Ordinarily, an appellate court may not consider postjudgment evidence that was never before the juvenile court or rely on such evidence outside the record to reverse the judgment. (In re Zeth S. (2003) 31 Cal.4th 396, 399-400 (Zeth S.).) We will grant the request for judicial notice. (Evid. Code, §§ 452, subds. (c), (d), 459; In re Sabrina H. (2007) 149 Cal.App.4th 1403, 1417.) Our taking judicial notice of the June 1, 2012 minute order does not contravene Zeth S. The evidence is not offered to obtain a reversal (In re Josiah Z. (2005) 36 Cal.4th 664, 676), and taking judicial notice of the order will not overturn a judgment terminating parental rights, or impair "the juvenile law's purpose of 'expediting the proceedings and promoting the finality of the juvenile court's orders and judgment.'" (In re Salvador M. (2005) 133 Cal.App.4th 1415, 1421, quoting Zeth S., at p. 413.) The minute order relates solely to the issue of whether a portion of the appeal should be dismissed as moot, not to the merits of the appeal. (In re Josiah Z., at p. 676, citing Zeth S., at p. 413.)

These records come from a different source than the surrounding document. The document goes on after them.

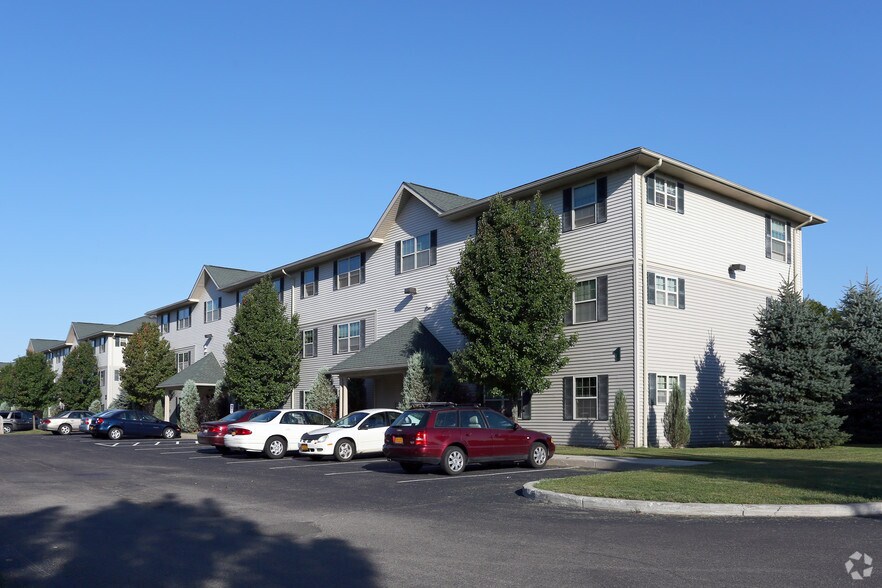 Park Place Collegiate Housing 70 Brigham Rd Fredonia NY 14063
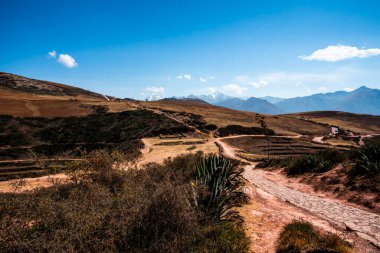 Dağ tepeleri ve vadiler arasındaki ovalar ve yaylaların güzel panoramaları Peru 'daki Doğu Cordillera' da tarım için basamaklar halinde çalıştı.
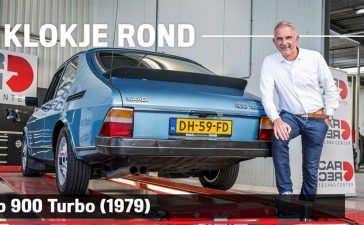 1979 Saab 900 Turbo on the lift during AutoWeek’s Klokje Rond Klassiek inspection, with the owner standing beside the aquamarine Combi Coupé.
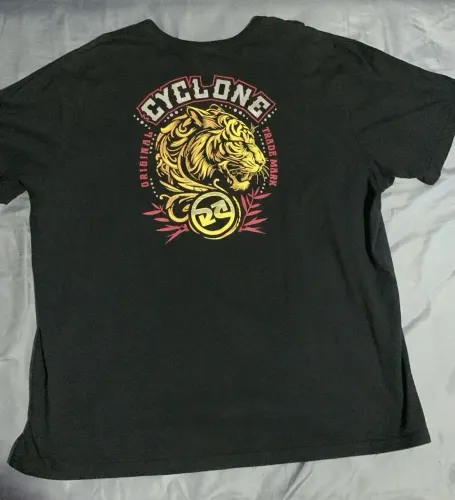 camiseta cyclone original leão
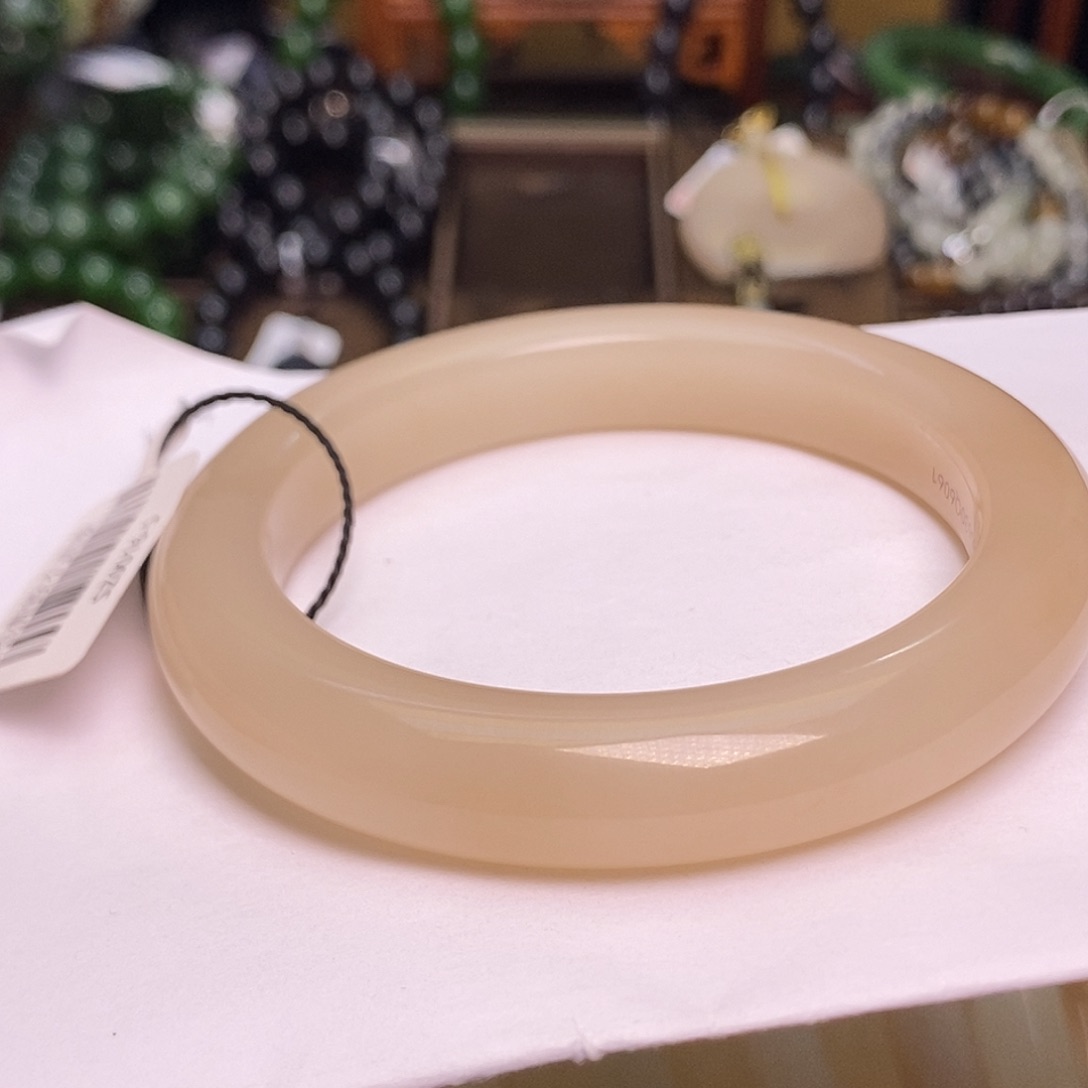 和田玉未镶嵌藕粉老矿料毕业级红粉收藏手镯60.5圈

Based on the June 1, 2012 minute order, DCFS requests that father's appeal with respect to the dispositional orders requiring him to drug test and ordering that his visits be monitored be dismissed as moot. We conclude, and the parties concur, that as to the issues of father's drug testing and visitation, the contentions on appeal are moot, as there is no effective relief that can be given. (See In re Jessica K. (2000) 79 Cal.App.4th 1313, 1315-1316.) The motion for partial dismissal is granted.
2. There is no substantial evidence to support the jurisdictional allegations
Father contends that the jurisdictional findings based on the sustained allegation that he had an unresolved history of substance abuse are wholly unsupported by the record, particularly in light of the fact that the children were pulled back into the dependency system in 2011 solely because mother was arrested after driving with them in the car while under the influence of alcohol, and it was her reckless behavior that placed the children at risk of harm. He maintains that, notwithstanding his history of substance abuse in 2006, the juvenile court's October 2011 order finding jurisdiction under section 300, subdivision (b) as to him should be reversed because there is no substantial evidence to support it. We agree.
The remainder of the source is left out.